Task prompt. Line filter on the word "Great": copy each matching line from the entries.

Material for this task.
=-=-=

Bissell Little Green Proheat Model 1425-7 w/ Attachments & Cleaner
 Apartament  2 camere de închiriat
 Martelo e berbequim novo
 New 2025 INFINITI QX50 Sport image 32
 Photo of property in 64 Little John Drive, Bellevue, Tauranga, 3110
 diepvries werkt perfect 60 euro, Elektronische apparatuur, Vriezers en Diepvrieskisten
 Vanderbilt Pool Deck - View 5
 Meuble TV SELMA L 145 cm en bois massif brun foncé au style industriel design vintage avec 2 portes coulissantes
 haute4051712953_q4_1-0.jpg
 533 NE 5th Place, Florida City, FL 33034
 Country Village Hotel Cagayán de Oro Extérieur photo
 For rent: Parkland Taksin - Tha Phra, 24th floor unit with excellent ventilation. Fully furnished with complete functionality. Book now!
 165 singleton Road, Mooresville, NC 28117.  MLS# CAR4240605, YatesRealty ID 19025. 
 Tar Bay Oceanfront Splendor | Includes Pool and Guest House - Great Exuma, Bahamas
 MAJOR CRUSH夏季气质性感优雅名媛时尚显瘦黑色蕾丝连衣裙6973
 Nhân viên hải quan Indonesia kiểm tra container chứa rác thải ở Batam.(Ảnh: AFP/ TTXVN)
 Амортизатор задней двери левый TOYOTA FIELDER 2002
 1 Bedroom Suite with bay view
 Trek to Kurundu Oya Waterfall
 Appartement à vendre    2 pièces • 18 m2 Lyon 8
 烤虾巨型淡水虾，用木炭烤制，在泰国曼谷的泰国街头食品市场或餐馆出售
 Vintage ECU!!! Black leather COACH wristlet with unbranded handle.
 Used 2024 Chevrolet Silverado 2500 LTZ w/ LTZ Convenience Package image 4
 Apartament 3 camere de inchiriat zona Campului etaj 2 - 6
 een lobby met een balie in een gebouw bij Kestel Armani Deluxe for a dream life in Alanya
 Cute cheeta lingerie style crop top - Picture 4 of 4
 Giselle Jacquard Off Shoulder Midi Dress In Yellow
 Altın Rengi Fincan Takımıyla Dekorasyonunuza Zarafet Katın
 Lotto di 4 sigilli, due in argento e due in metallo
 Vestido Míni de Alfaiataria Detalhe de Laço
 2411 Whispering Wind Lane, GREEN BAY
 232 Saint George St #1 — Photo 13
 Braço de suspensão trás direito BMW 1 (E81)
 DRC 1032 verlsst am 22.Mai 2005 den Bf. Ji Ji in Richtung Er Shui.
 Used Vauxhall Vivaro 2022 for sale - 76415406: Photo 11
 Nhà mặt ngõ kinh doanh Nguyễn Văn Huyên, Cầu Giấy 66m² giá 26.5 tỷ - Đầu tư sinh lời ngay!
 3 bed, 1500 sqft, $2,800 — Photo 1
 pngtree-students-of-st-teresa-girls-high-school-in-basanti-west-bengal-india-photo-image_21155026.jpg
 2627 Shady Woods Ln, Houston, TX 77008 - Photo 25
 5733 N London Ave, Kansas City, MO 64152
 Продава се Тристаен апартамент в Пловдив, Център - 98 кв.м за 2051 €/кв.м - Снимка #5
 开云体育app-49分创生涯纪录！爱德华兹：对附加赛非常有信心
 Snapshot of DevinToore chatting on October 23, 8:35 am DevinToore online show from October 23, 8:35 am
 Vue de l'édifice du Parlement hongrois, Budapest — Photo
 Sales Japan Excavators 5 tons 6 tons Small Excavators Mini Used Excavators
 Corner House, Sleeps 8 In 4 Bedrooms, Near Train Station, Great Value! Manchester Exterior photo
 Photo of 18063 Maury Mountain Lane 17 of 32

=-=-=

Completed task.
 Tar Bay Oceanfront Splendor | Includes Pool and Guest House - Great Exuma, Bahamas
 Corner House, Sleeps 8 In 4 Bedrooms, Near Train Station, Great Value! Manchester Exterior photo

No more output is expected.